I had to start with the comment I read this morning, which I think highlights why economists have a reputation for being out of touch with reality. If asset purchases by the Fed constitute their Quantitative Easing policy, designed expressly to loosen monetary policy despite interest rates at zero percent, then how can tapering asset purchases, the opposite of executing them, not be policy tightening? It is this type of muddled speaking and messaging that leads to market volatility. As an investor, my concern is that either the Chairman doesn’t understand what the word ‘taper’ means, which I doubt; or that he is afraid to describe what he believes the Fed will need to do going forward. It is the latter concern that will continue to drive markets for the time being.

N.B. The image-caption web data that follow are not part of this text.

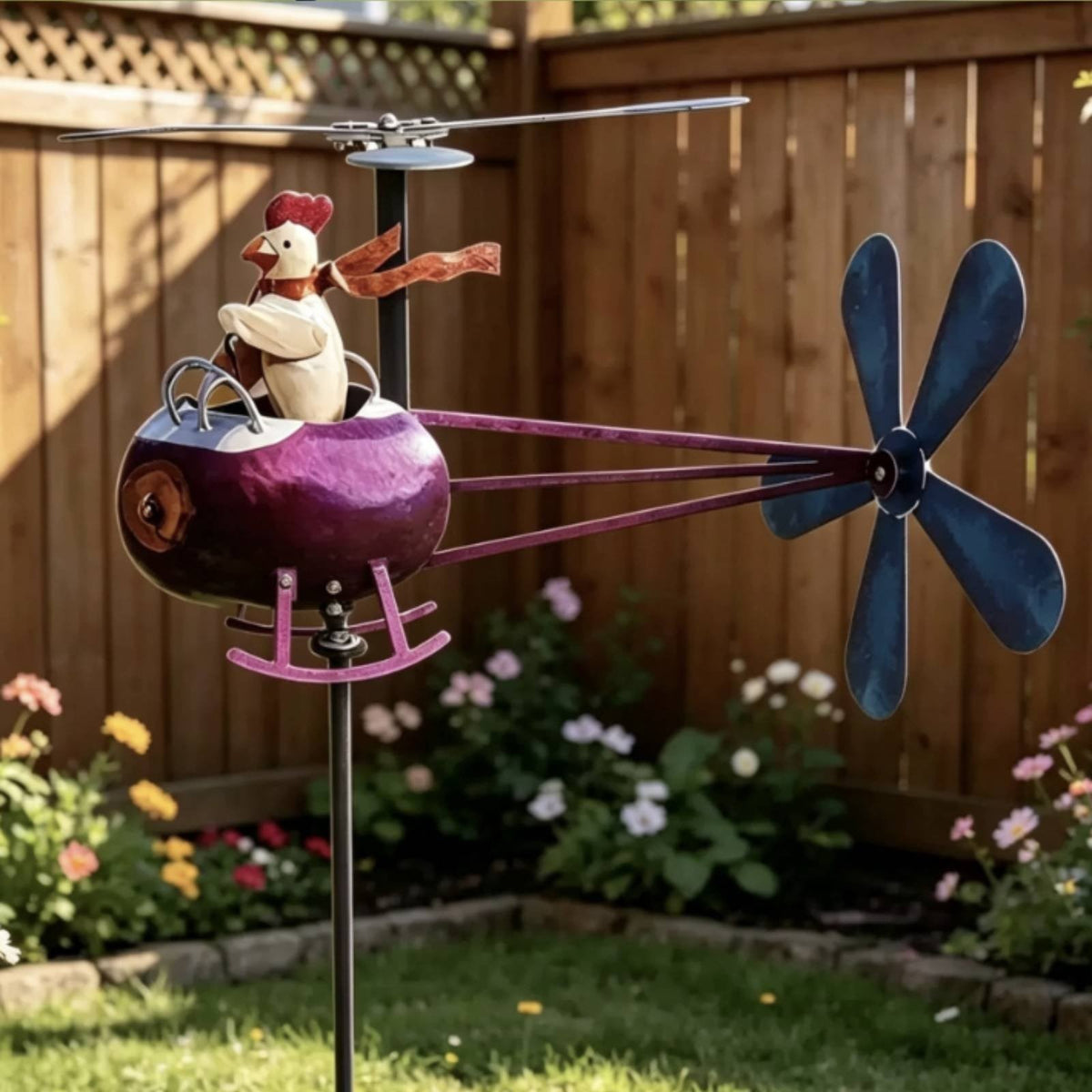 Chicken Helicopter Wind Vane Heavy Duty Metal Garden Wind-Driven Ornament Decor*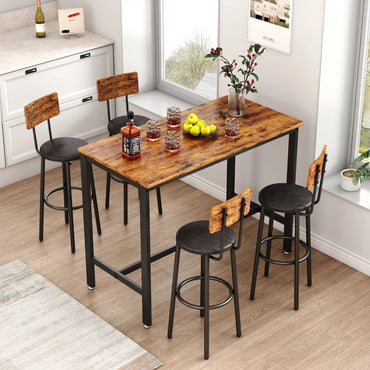 5 Piece Modern Dining Set With Upholstered Chairs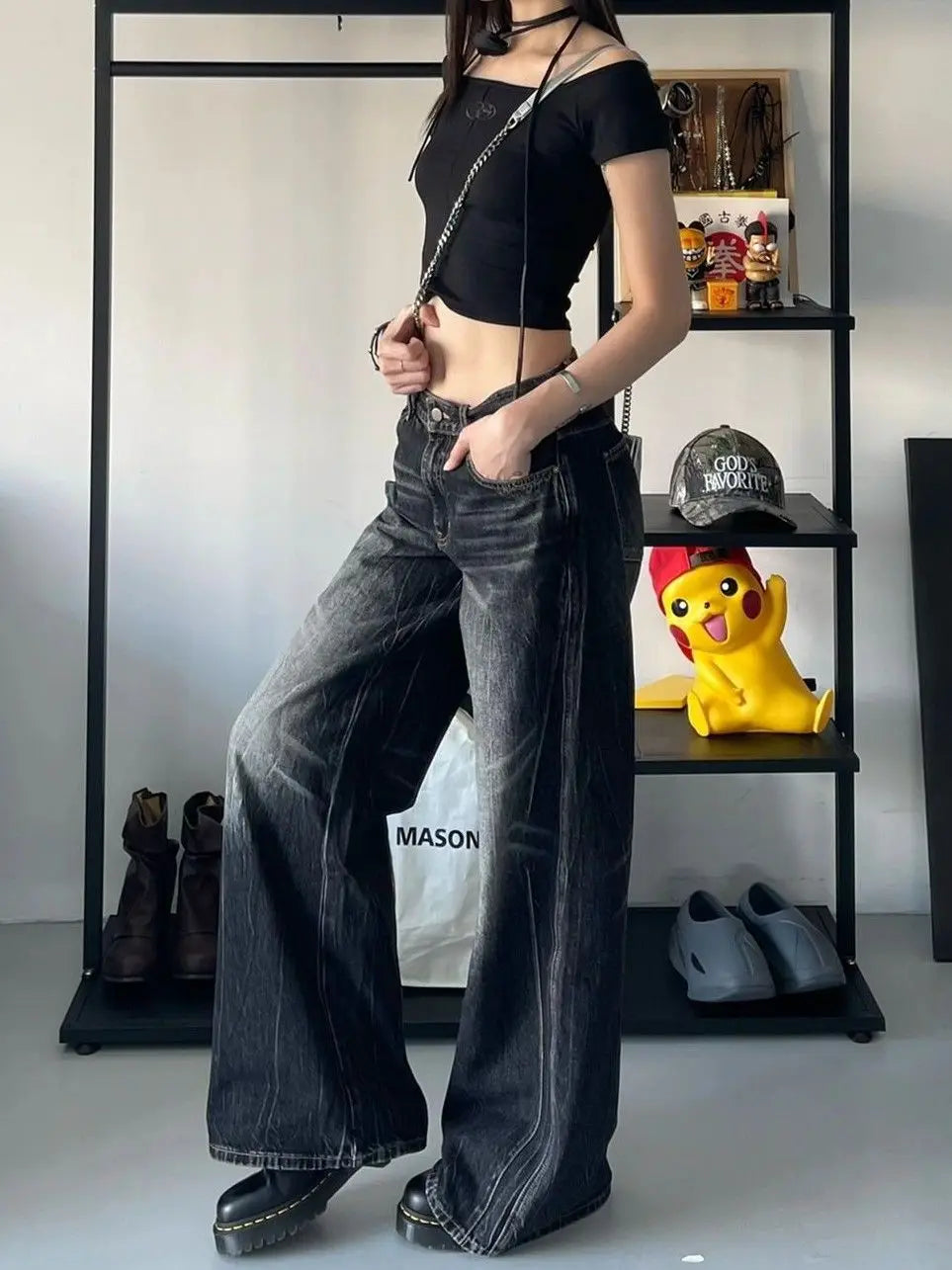 HOUZHOU Grunge Y2k Black Jeans Women Baggy Vintage High Street Oversized Denim Trousers Gothic Gyaru 2000s Acubi Fashion Jeans - reetell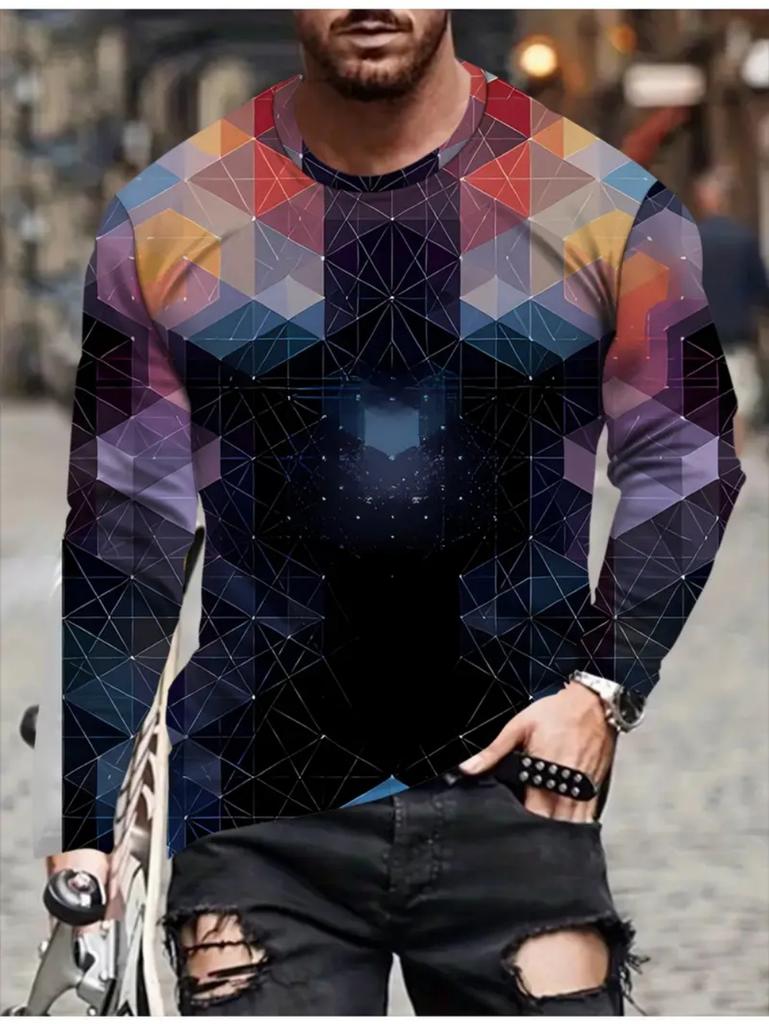 T Shirts for Man Geometric Block 3D Print Autumn Long Sleeve T-Shirt Pullover Casual Male Tops Street Lightweight Men's Clothes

So after several weeks of pretty significant volatility across all markets, the G3 central bankers are starting to figure out that market participants will not simply do exactly what is needed on the back of verbal cues. In fact, Bernanke, Draghi and Kuroda need to enact policies very clearly and carefully, a level of precision that has always been difficult to achieve in the monetary policy realm, and one made even more difficult because of the unprecedented situation in which they each find themselves each having previously committed to, and enacted, extreme policy measures. Once again, I will remind you all that as the current set of policies gets unwound, markets will remain quite volatile.
So let’s look at the markets this morning. The dollar is mixed, with the yen weakening a bit, the Aussie rallying a bit, and emerging markets all over the map. Equity markets are feeling better, with the Nikkei regaining 2.75%, Europe largely higher by more than 1% and US futures pointing to a higher opening. Bond prices are mixed as well, with Treasury yields edging lower, but yields in Europe mixed and JGB yields higher. In essence, we have no trends on which to hang our hat this morning, with each currency and product trading to its own internal issues. In many ways, I feel this is the healthiest thing for markets, if traders and investors react based on data and news for each product. But that is the hardest for any analysis to capture because of the disparate stories that exist.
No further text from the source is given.